» **TASK PROMPT**
Give exactly the lines from the one that contains "Benjamin Franklin. The" through the end of the entries below, both included; the pictures stay out.
Start of MATERIALS PROVIDED
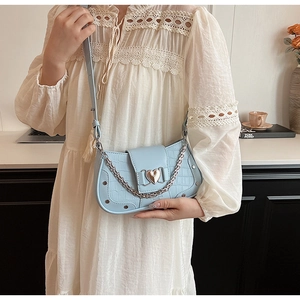 Detail of light blue crocodile texture bag with heart metal buckle and silver chain
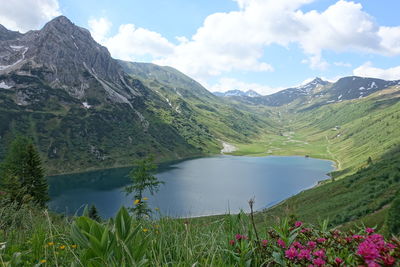 Scenic view of lake and mountains against sky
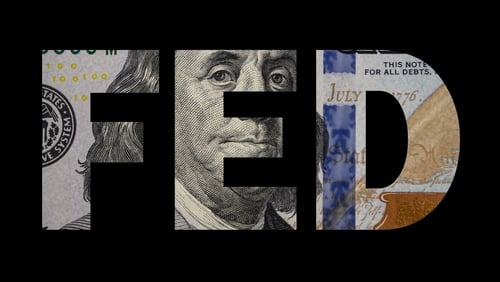 The word "FED" superimposed over a United States $100 bill, which prominently displays a portrait of Benjamin Franklin. The word "FED" superimposed over a United States $100 bill, which prominently displays a portrait of Benjamin Franklin.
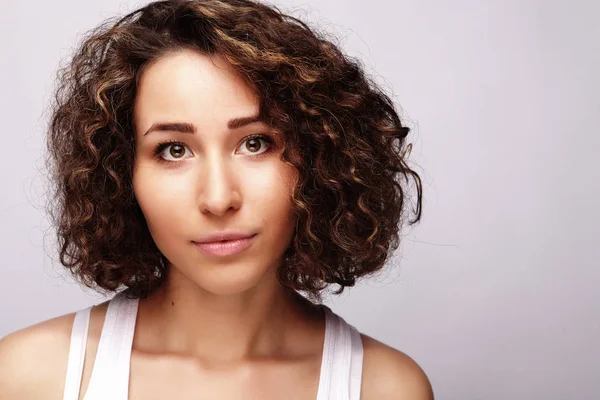 Lifestyle and people concept:Young happy woman with curly hair — Stock Photo, Image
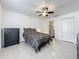 Bedroom showcasing modern tile flooring, ceiling fan, and a walk-in closet, offering a simple, uncluttered design at 3120 Ginger Cir, Orlando, FL 32826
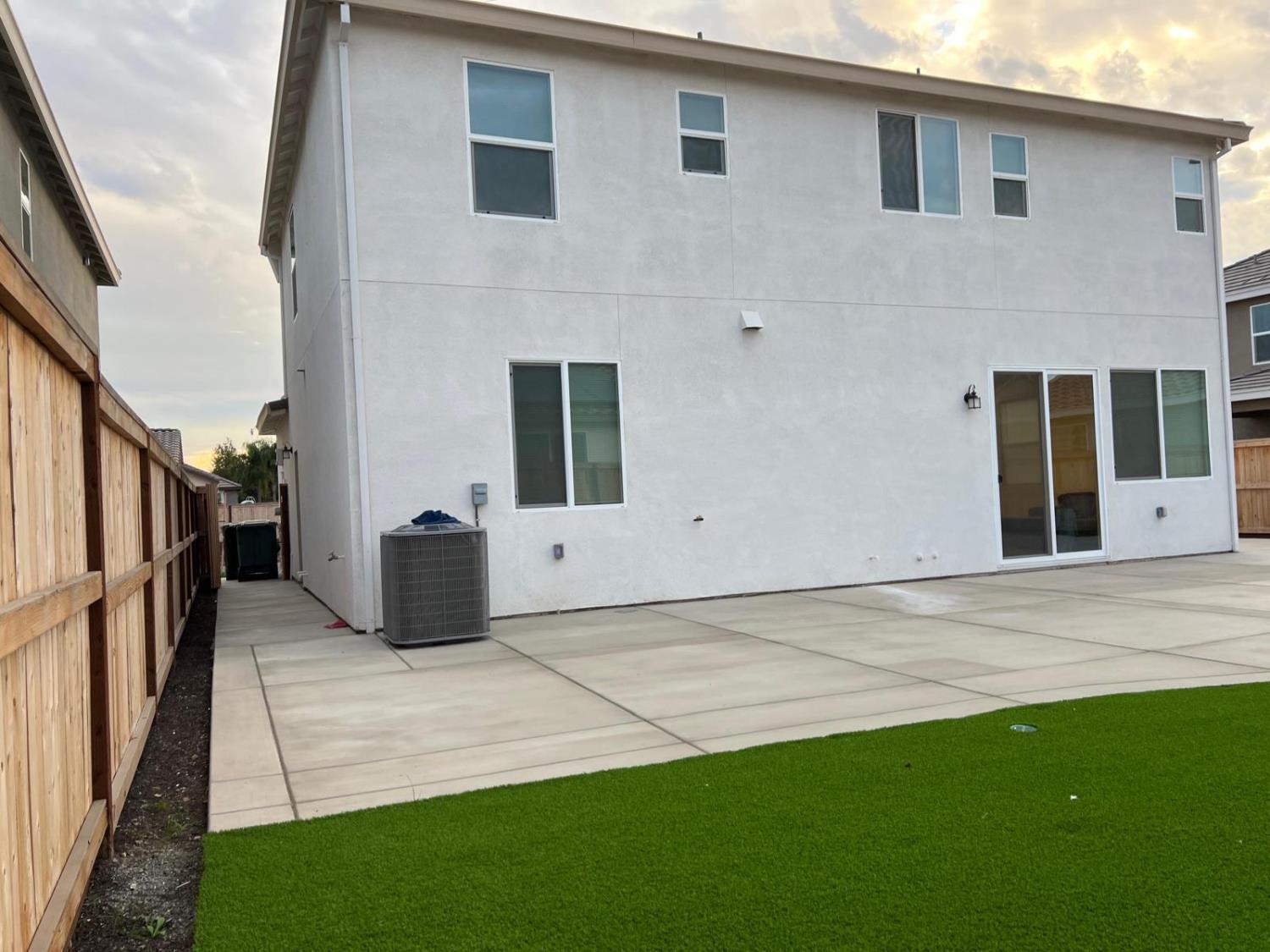 1808 Apiary Way Hughson, CA 95326 - Photo 19 of 20 a view of a house with backyard and porch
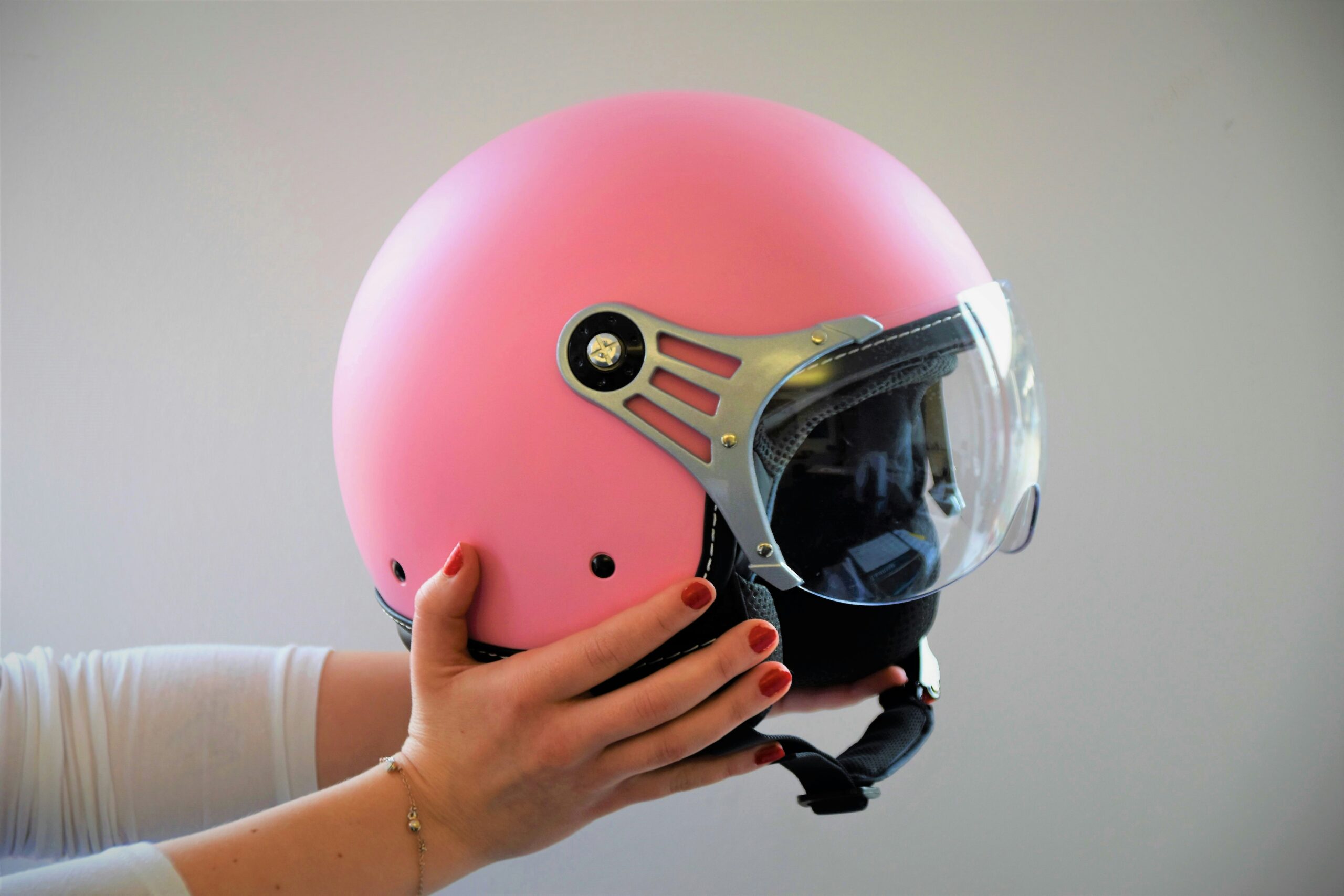 A player holds a protective helmet, highlighting essential arrow tag safety protocols like wearing proper gear during gameplay. - Brainy Actz Escape Rooms A player holds a protective helmet, highlighting essential arrow tag safety protocols like wearing proper gear during gameplay.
End of MATERIALS PROVIDED
» **SOLUTION**
 The word "FED" superimposed over a United States $100 bill, which prominently displays a portrait of Benjamin Franklin. The word "FED" superimposed over a United States $100 bill, which prominently displays a portrait of Benjamin Franklin.
 Lifestyle and people concept:Young happy woman with curly hair — Stock Photo, Image
 Bedroom showcasing modern tile flooring, ceiling fan, and a walk-in closet, offering a simple, uncluttered design at 3120 Ginger Cir, Orlando, FL 32826
 1808 Apiary Way Hughson, CA 95326 - Photo 19 of 20 a view of a house with backyard and porch
 A player holds a protective helmet, highlighting essential arrow tag safety protocols like wearing proper gear during gameplay. - Brainy Actz Escape Rooms A player holds a protective helmet, highlighting essential arrow tag safety protocols like wearing proper gear during gameplay.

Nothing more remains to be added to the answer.